44. In relation to the finding of dishonesty in particular 2, the Panel considers that the public would rightly be concerned by the Registrant’s actions. The public is entitled to rely upon the honesty and integrity of regulated professionals. The Panel considers that the Registrant’s actions were unworthy of a registered Social Worker.
45. The Panel has therefore concluded that the matters found proven amount to misconduct.
46. In undertaking its task of determining whether there is current impairment, the Panel is considering the information before it to assess whether, as of today, the Registrant is fit to practise without some form of restriction upon his registration. In this regard the Panel is considering two aspects. The personal and the public components.

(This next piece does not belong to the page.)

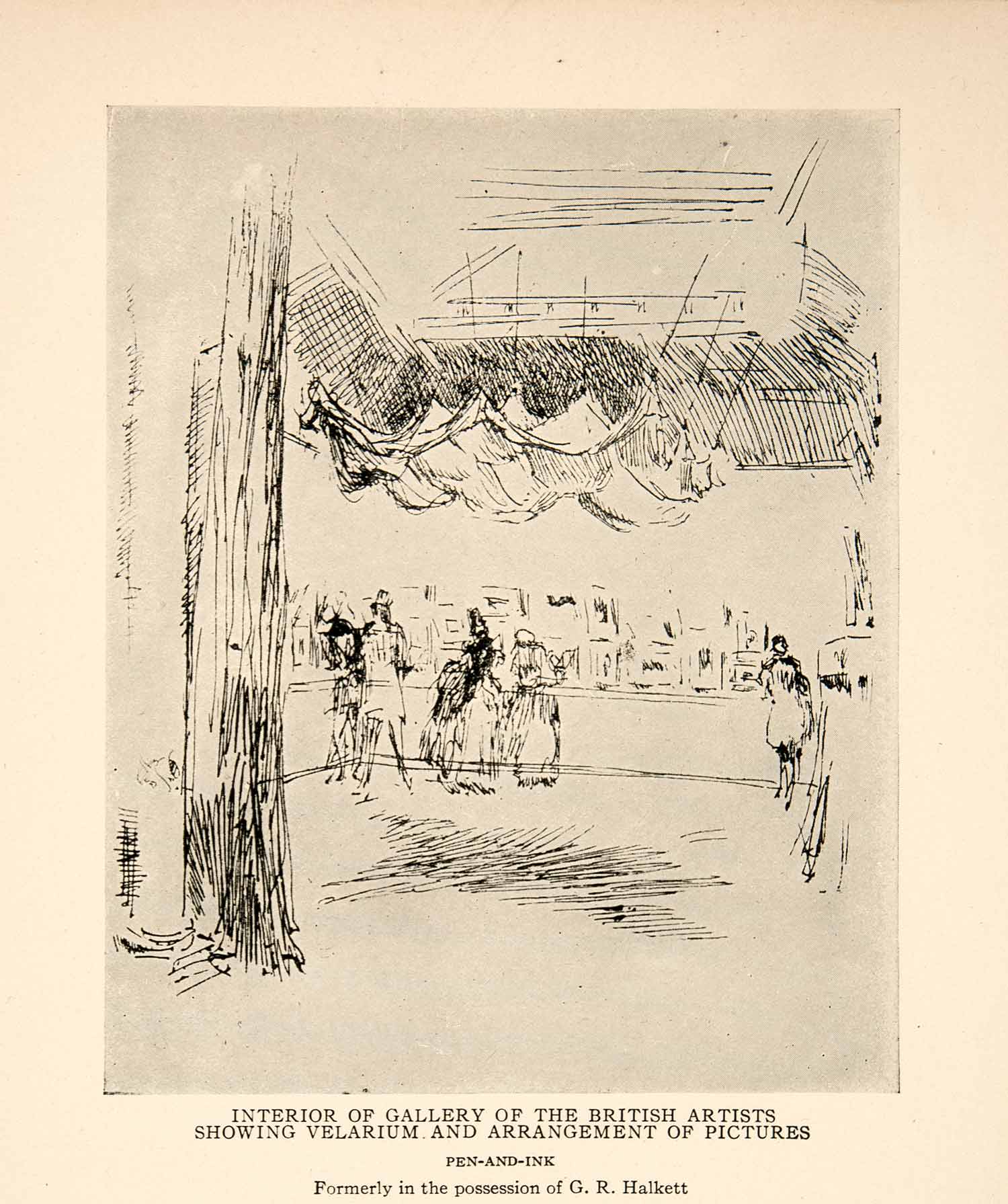1921 Print Interior Art Gallery British Artist Exhibition Velarium Crowd XAT6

47. In relation to the personal component the Panel is assessing whether the Registrant’s actions are capable of remedy, have been remedied, and whether there is a likelihood of a repetition of that misconduct. In relation to the latter the Panel has taken into account the Registrant’s view of the events which gave rise to the finding of misconduct.
48. In his representations the Registrant accepts that what he did was wrong and expresses remorse and an apology when he states:
‘I would like to apologise for the time wasted with the Local Authority and the HCPC and express my deepest regrets. I have learned much from this experience going forward.’
49. The Registrant, however, also gives reasons and explanations for his conduct which distance him from total responsibility and culpability. Thus, he seeks to justify his failure to observe the duty of candour in suggesting that he expected the issue of his previous dismissal to be raised by the Human Resources department if it was of concern.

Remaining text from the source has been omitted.